On demande aux jeunes d’y aller moins fort, plus prudemment et d’entasser sur le côté du terrain cette terre noire. Je sors les petits outils de jardinage sur balcon apportés pour travailler « en archéologue », y compris un brosse pour ôter la terre de sur les os. Mais la couche de terre noire est épaisse et … pas la moindre trace d’ossements.
Je m’affole :
– Allons à une extrémité, celle où peut se trouver le crâne que je recherche.
On dégage le tiers supérieur de la sépulture et on continue à creuser prudemment. On est à 40 cm au-dessous des grosses pierres, mesure quelqu’un avec une branchette.
Mais non seulement il n’y a pas trace d’ossement, mais apparaissent des sortes de gravillons clairs qui prouvent que l’ombre du corps n’est plus là. Plus de couche de terre grasse. Donc tout le corps s’est délité, a disparu, s’est fondu dans la terre.
Je me révolte :
– Mais dans les charniers de Franco datant de plus de 70 ans, on a bien retrouvé les ossements des antifranquistes ! Et ici, 43 ans après, il n’y aurait plus rien ? Impossible. On a même retrouvé des os de mammouths morts depuis des milliers d’années. Continuez à creuser !
Godfrid m’explique patiemment que le climat sous les tropiques n’a rien à voir avec le climat de l’Europe ou du désert et que les grosses pluies font pourrir très vite les choses et les gens.

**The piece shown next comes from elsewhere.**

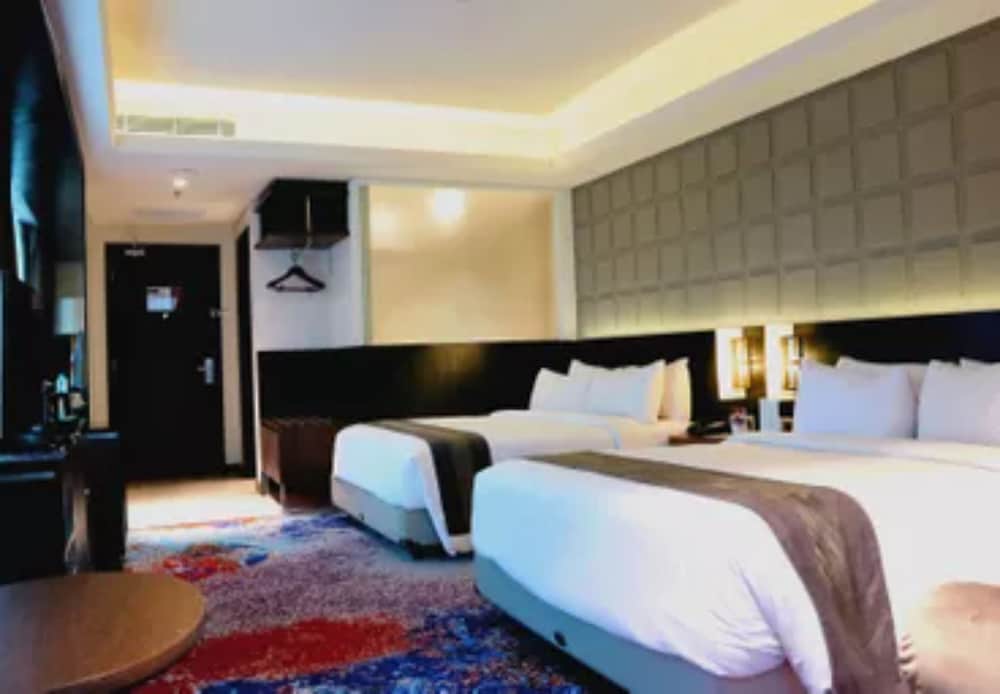 Фото Aston Pasteur Hotel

D’accord, mais je demande quand même aux jeunes de rajouter 5 cm de profondeur.
Mais c’est peine perdue, la terre devient de plus en plus claire. Abbas dit qu’on va emporter de la terre grasse où reposait le corps.
Je me souviens que l’imam de Kipé m’avait dit :
– Après tant d’année, vous risquez de ne pas retrouver grand’ chose. Alors vous mettrez de la terre ombre du corps dans le linceul, c’est ce qu’on enterrera dans votre jardin.
Godfrid et Abbas tiennent le grand sac dans lequel les jeunes jettent de grandes pelletées de la terre noire entassée. Moi je m’obstine à chercher la trace d’un bout d’os rescapé, cela me suffirait amplement à présent. Mais rien ! et mon entêtement me fait rater ce que les deux porteurs du sac m’ont raconté ensuite.
D’abord Godfrid, qui me dit avoir assisté pour la 1ère fois de sa vie à un phénomène bizarre : Dans les deux dernières pelletées envoyées, il y a eu comme une grande respiration de la terre, me dit-il. Mais je pense que Godfrid, Béninois, voit des morts-vivants partout et j’oublie.
Cependant, une heure plus tard, Abbas (70 ans), me dit :
– Tu sais, j’ai vu quelque chose qui m’a étonné: à la dernière pelletée de terre, il y a eu comme une grande inspiration d’une poitrine qui se gonfle et la terre a exhalé un grand soupir…
Et lui, je l’ai cru, car c’est un sage. Et j’ai bien regretté d’avoir manqué ça.
Pourtant, après cette douloureuse opération, je dois me contenter de cela : Un soupir de l’ombre du corps d’Abdoulaye, c’est tout et, paradoxalement, cela m’a fait du bien de le savoir et de le penser.
On a donc placé le sac de terre dans la boîte de 1 m de long que j’avais emportée. En enroulant toutefois le sac dans le linceul.